Although the specification of either a generator matrix or a parity-check matrix uniquely determines a linear code, neither the generator matrix nor the parity-check matrix is unique. In general, different generator or parity-check matrices for the same code are obtainable from one another by means of nonsingular linear transformations.
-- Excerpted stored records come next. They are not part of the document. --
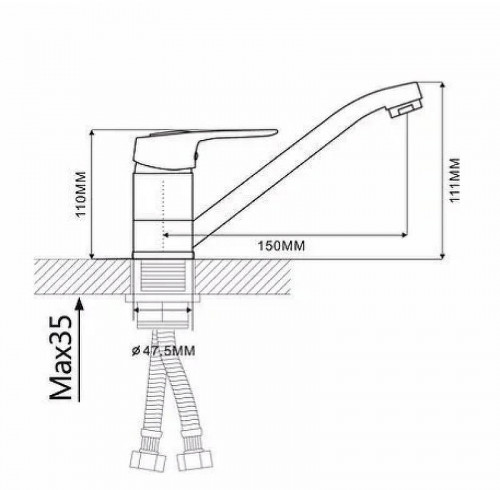 Смеситель для кухни Ekko E45104 Хром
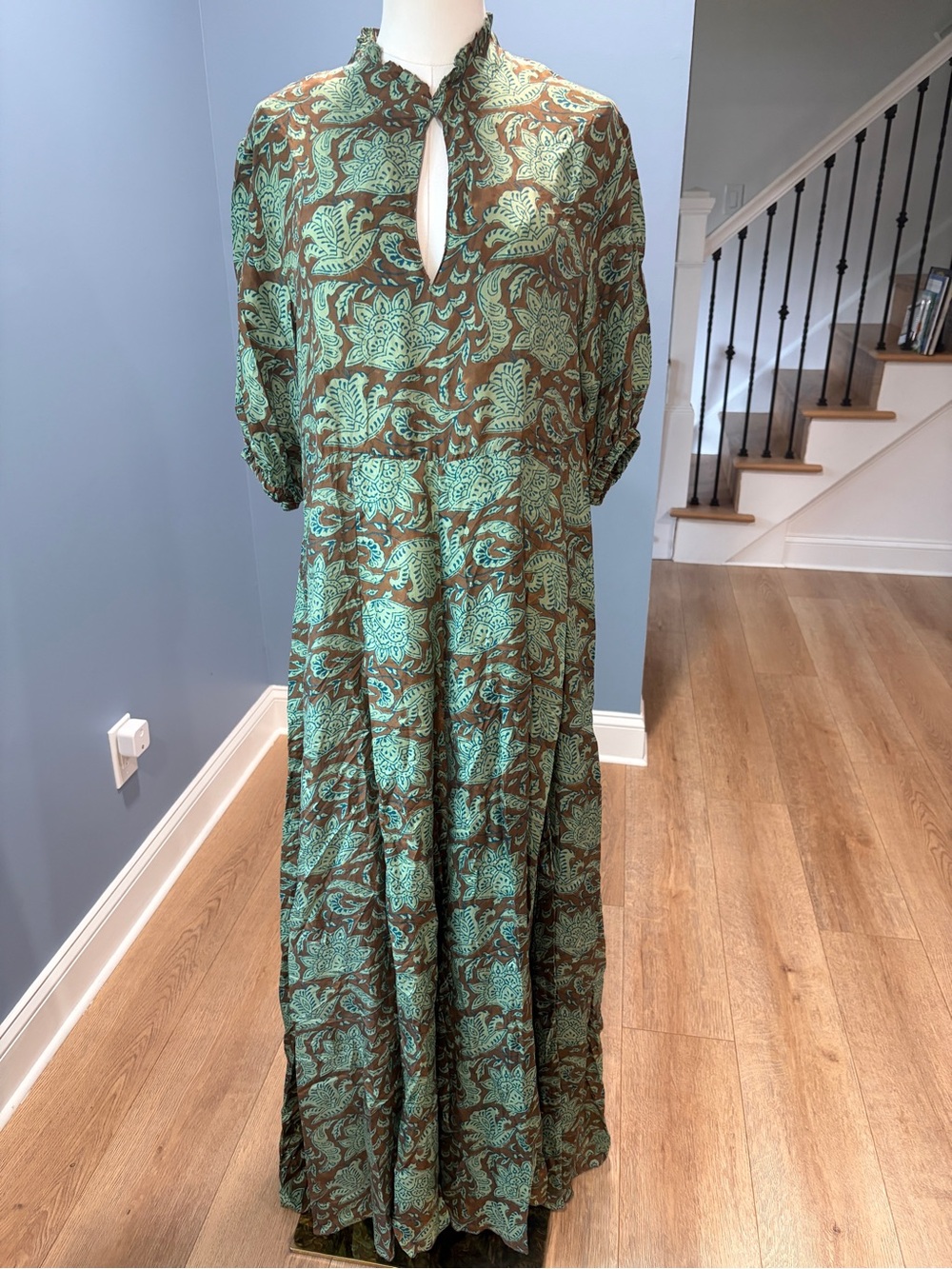 Hannah Artwear Oceanus Printed Silk Maxi Dress Green Brown Floral Size 1
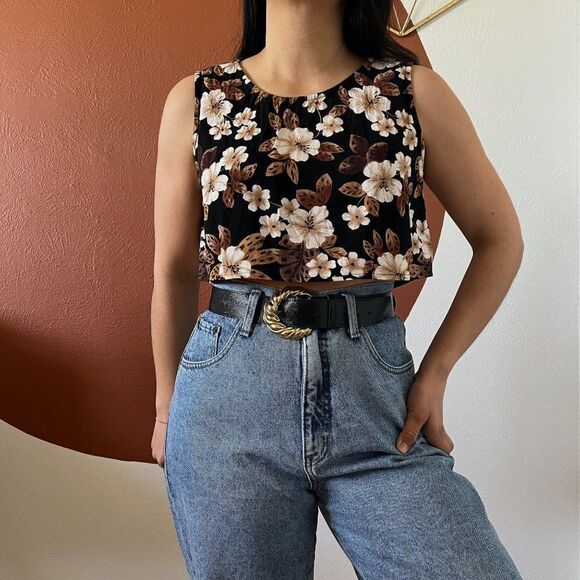 Vintage floral re-worked 2 piece fitted skirt with ruffle tank crop top small - Picture 2 of 9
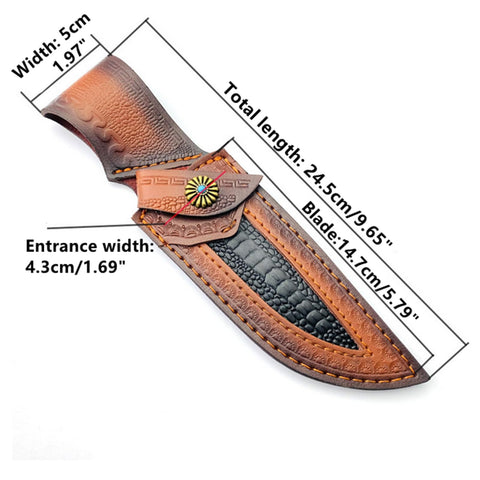 Dimensions of Leather Knife Sheath showing total length and blade compartment.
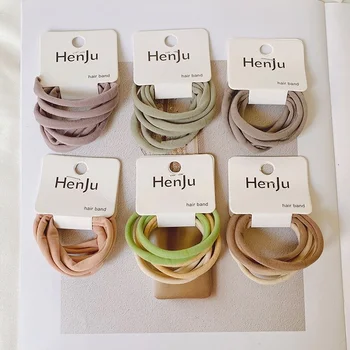 6 pz/lotto elastico per capelli donna alta elasticità elastico per capelli colorato tinta unita cravatte per capelli accessori per capelli per ragazze 2021 nuovo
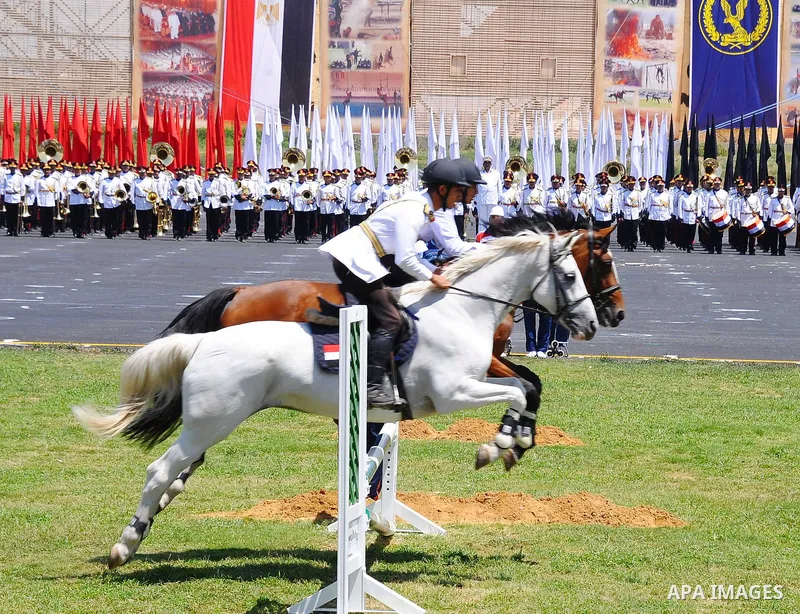 Egyptian police officers demonstrate their skills during at the police academy in Cairo, Egypt July 29, 2015. Photo by Egyptian President Office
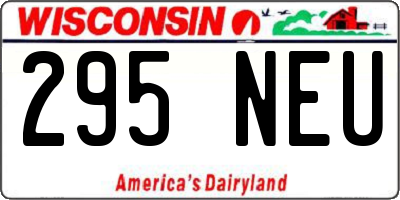 WI license plate 295NEU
# APPENDIX 2: STRUCTURE OF POLYNOMIAL CODES

Given a generator of polynomial g(x) of a cyclic code, a corresponding generator matrix **G** can be written by listing k *n*-tuples (corresponding to kcode polynomials), none of which can be obtained by a linear combination of the others. For example, *n*-tuples corresponding to  $x^ig(x)$ , i = k - 1, k - 2, ..., 0 constitute k rows of a generator matrix of the same code. The generator matrix of the specific form  $\mathbf{G} = [\mathbf{I}_k \mathbf{P}]$  can be determined as follows. For each  $x^i$ , where i= n - 1, n - 2, ..., r, find the residue  $p_i(x)$  $\equiv x^i$ , modulo g(x). The k polynomials

$$x^{i} + p_{i}(x)$$
 (where  $i = n - 1, n - 2, ..., r$ )

are multiples of g(x) and are, therefore, code words. Also, by writing the corresponding *n*tuple as rows, the result is a generator matrix of the form

$$\mathbf{G} = [\mathbf{I}_k \mathbf{P}]$$

To obtain a *parity-check matrix* **H**, simply write each *n*-tuple corresponding to  $x^{i}h(x)$ ,  $i = 0, 1, \ldots, r - 1$  in the reverse order. The r rows thus obtained form a parity-check matrix. This procedure can be checked by identifying the product of any row of G corresponding to  $x^{i}g(x)$ , where  $0 \leq i \leq k-1$ , and any row of the previously mentioned H to be identical to one of the missing coefficients in the equation  $g(x)h(x) = x^n + 1$ . To obtain the specific form  $\mathbf{H} = [\mathbf{P}^{T}\mathbf{I}_{r}]$ , we find the residue  $q_{i}(x) \equiv x^{i}$ , modulo h(x), for each  $x^i$ , where i = k, k + 1, ..., n. The reversal of each n-tuple corresponding to the polynomials  $x^i + q_i(x)$ , where i = k,  $k + 1, \ldots, n$ , which are all multiples of h(x), gives the r rows of the parity-check matrix in the desired form  $\mathbf{H} = [\mathbf{P}^T \mathbf{I}_r]$ .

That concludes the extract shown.